Rocky Brands turns to net income in Q2 2025, exceeding expectations
Rocky Brands, Inc. financial results for its second quarter ended June 30, 2025, exceeded last year's performance and market expectations. The company reported a 7.5 percent increase in net sales, reaching 105.6 million dollars. This growth was accompanied by a substantial improvement in profitability, with gross margin expanding by 230 basis points to 41 percent of net sales, compared to the same period last year.
Income from operations saw a 58.7 percent increase, climbing to 7.2 million dollars and the company swung to a net income of 3.6 million dollars, or 48 cents per diluted share, a significant turnaround from a net loss of 1.2 million dollars, or a loss of 17 cents per diluted share, in the year-ago quarter.

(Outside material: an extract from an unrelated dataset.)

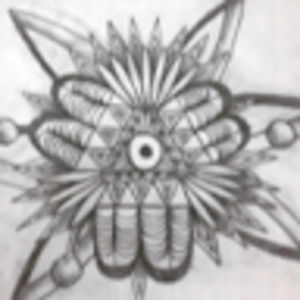 Meet your Posher, Kaitlyn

Adjusted net income also saw a strong rise to 4.1 million dollars, or 55 cents per diluted share.
Jason Brooks, chairman, president, and CEO, attributed the strong performance to effective execution, capitalising on the strength of the company's brand portfolio and diversified manufacturing and sourcing base. “The drivers of our top-line performance were broad based and led by XTRATUF, as demand for the brand in our Wholesale and e-Commerce channels accelerated, along with Muck, which posted its strongest growth in several quarters. We were particularly pleased with the strong full-price selling we experienced, which, combined with our nimble supply chain and recent pricing actions, contributed to a 230-basis point increase in gross margins and significant improvement in profitability,” Brooks added.
Breaking down the sales figures, wholesale net sales for the second quarter increased by 7.1 percent to 73.1 million dollars. Retail net sales saw a substantial jump of 13.9 percent to 29.7 million dollars. However, contract manufacturing net sales experienced a decrease of 27.8 percent to 2.8 million dollars.
Looking ahead, Brooks expressed optimism about the business's momentum for the remainder of 2025, while maintaining caution due to overall market uncertainty. "Bookings for our U.S. Wholesale business for the second half are up solidly year-over-year, and we’ve enacted plans including leveraging our manufacturing facilities in the Dominican Republic and Puerto Rico to mitigate the impact from higher tariffs. While visibility into consumer demand is currently more challenging, we believe we are well positioned to navigate the current macroeconomic backdrop and continue delivering value for our shareholders over the near and long-term,” Brooks said.
Rocky Brands is a prominent designer, manufacturer, and marketer of footwear and apparel, boasting a portfolio of brand names including Rocky, Georgia Boot, Durango, Lehigh, The Original Muck Boot Company, XTRATUF, and Ranger.